Esposito Quartet
Mia Cooper violin
Anna Cashell violin
Joachim Roewerl viola
William Butt cello

Saturday 25th October 2025 | 7.00pm
Tickets are €28 per person and can be purchased below. The concert commences at 7pm and doors will be closed until the next break in music.
Programme:
Raynaldo Hahn - String Quartet No.1 in A minor [1939]
Seóirse Bodley - String Quartet No.4 [2007]
Glazunov - Three Novelettes Nos.2,3,5 [1886]
Shostakovich - String Quartet No.1 [1938]
Venezualan-born Raynaldo Hahn was a popular figure in the musical salons of Paris before the first world war and is best known for his many songs influenced by the style of Massenet and Fauré, as well as his operettas and musical comedies. His lovely first string quartet from 1939 looks back to the influence of Ravel, Erik Satie and Fauré.
Seóirse Bodley, who died in 2023, was one of the most important composers of twentieth-century art music in Ireland. His fourth quartet was commissioned by RTÉ for the Vanbrugh Quartet’s 21st anniversary in 2007.
Alexander Glazunov was a member of the "Belyayev Circle" in St Petersburg, a group of composers connected with the wealthy patron, amateur musician and publisher Mitrofan Belyayev who supported emerging composers and musicians, frequently holding salons in his palatial estate. It was for one of these gatherings in 1886 that a 21-year-old Glazunov composed his Novelettes for string quartet. This concert includes three of them: Orientale, Interludium in modo antico and All’Ungharese
Shostakovich wrote his short, charming and brilliant first quartet in 1938, shortly after the successful premiere of his fifth symphony. He started writing it on the second birthday of his daughter and said that he ‘visualized childhood scenes… and bright moods associated with spring’
Esposito Quartet
The Esposito Quartet comprises four of our most distinguished musicians with a combined wealth of experience as recital artists, orchestral leaders and teachers, who have been playing as a quartet since 2010. The Quartet's name honours Michele Esposito, pianist and composer, who for forty years from 1888 was the initiator for much of the chamber music making in Dublin through the establishment of The Royal Dublin Society concert series.

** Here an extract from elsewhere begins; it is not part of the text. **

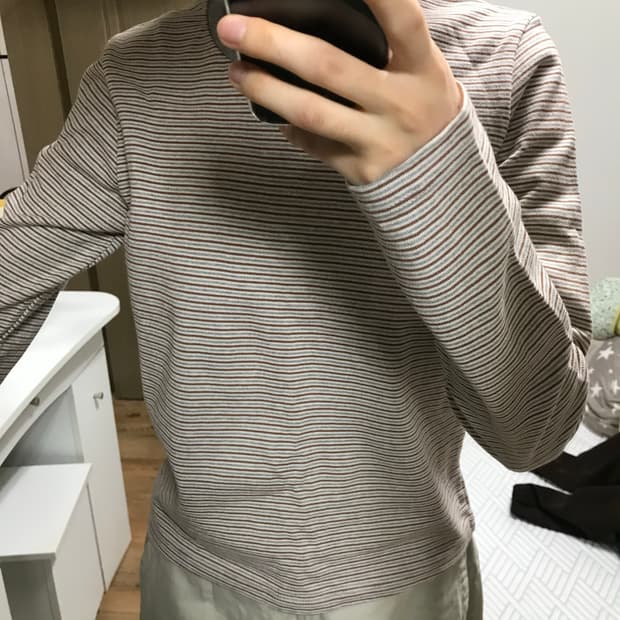 스트라이프 긴팔티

Mia Cooper has lived in Dublin since her appointment as leader of the RTE Concert Orchestra in 2006. She previously held principal positions with the Royal Philharmonic Orchestra and City of London Sinfonia, has appeared as guest leader of many of the UK's symphony orchestras. Equally at home as a chamber musician, Mia has participated in chamber music festivals, in Ireland, the UK, France, India, and Lithuania. Mia studied with renowned pedagogue Yossi Zivoni at the Royal Northern College of Music, and continued her training at the Paris Conservatoire. She teaches violin at the Royal Irish Academy of Music.

Outside of her work with the Esposito quartet Anna Cashell performs regularly with her husband the pianist Simon Watterton and is a member of the Adderbury Ensemble and the Irish Chamber Orchestra. With the ICO she has performed in Heidelberg, the Wiener Konzerthaus, Würzberg, Rheingau the Lincoln Center and the Konzerthaus in Berlin. She regularly freelances with a number of orchestras in the UK such as the City of London Sinfonia, Manchester Camerata and the Northern Sinfonia. She has also performed and recorded with the Crash ensemble in America and Dublin and has recently co-commissioned a new solo violin work by the New York based composer Stephanie Anne Boyd.

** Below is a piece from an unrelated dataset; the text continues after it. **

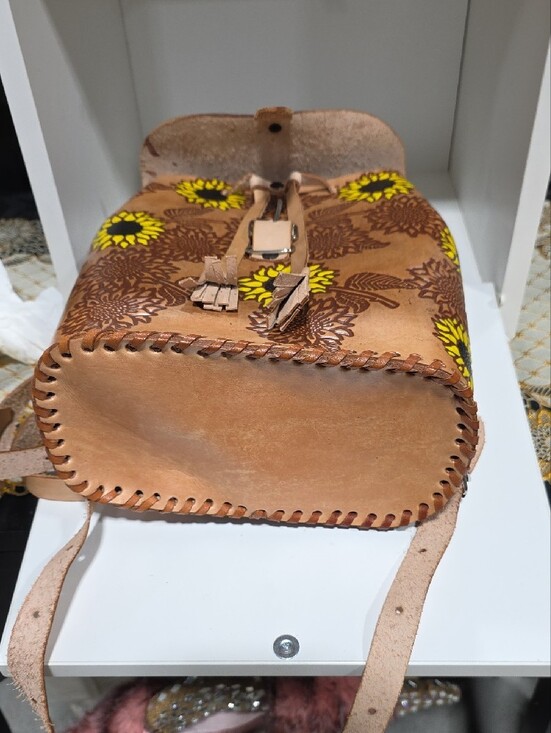 NEW! Sunflower Tooled Tan Leather Crossbody Bag - Yellow Accents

Born in East Germany, Joachim Roewer graduated from the Hochschule für Musik Weimar and the Orchesterakademie of the Berlin Philharmonic Orchestra. In 1994 Joachim decided to leave Germany to seek a new and exciting musical home for himself and moved to Ireland to become principal viola with the Irish Chamber Orchestra. For 13 years he was Course Director of the international ConCorda Chamber Music Course for Strings and he is a member of the Esposito String Quartet. Joachim teaches viola and chamber music on the MA programme in Classical Strings at the Irish World Academy of Music at the University of Limerick

William Butt enjoys a busy career as soloist, chamber musician and is professor of cello at the Royal Irish Academy of Music in Dublin. On the concert platform he has performed extensively throughout Ireland, the UK, Europe and the Far East. He is a much admired exponent of the solo repertoire, having performed and broadcast numerous works for this medium by contemporary composers, as well as the formidable solo sonatas by Kodaly and Ligeti and the suites of Bach and Britten. He has performed and broadcast all the major concerti, in 1997 he gave the Irish premiere of the Walton concerto with the National Symphony Orchestra, in 2001 the Dvorak concerto with the NSO and 2003 a tour of the Schumann concerto with the NSO. He plays on a fine cello made by Giovanni Grancino in Milan (1690).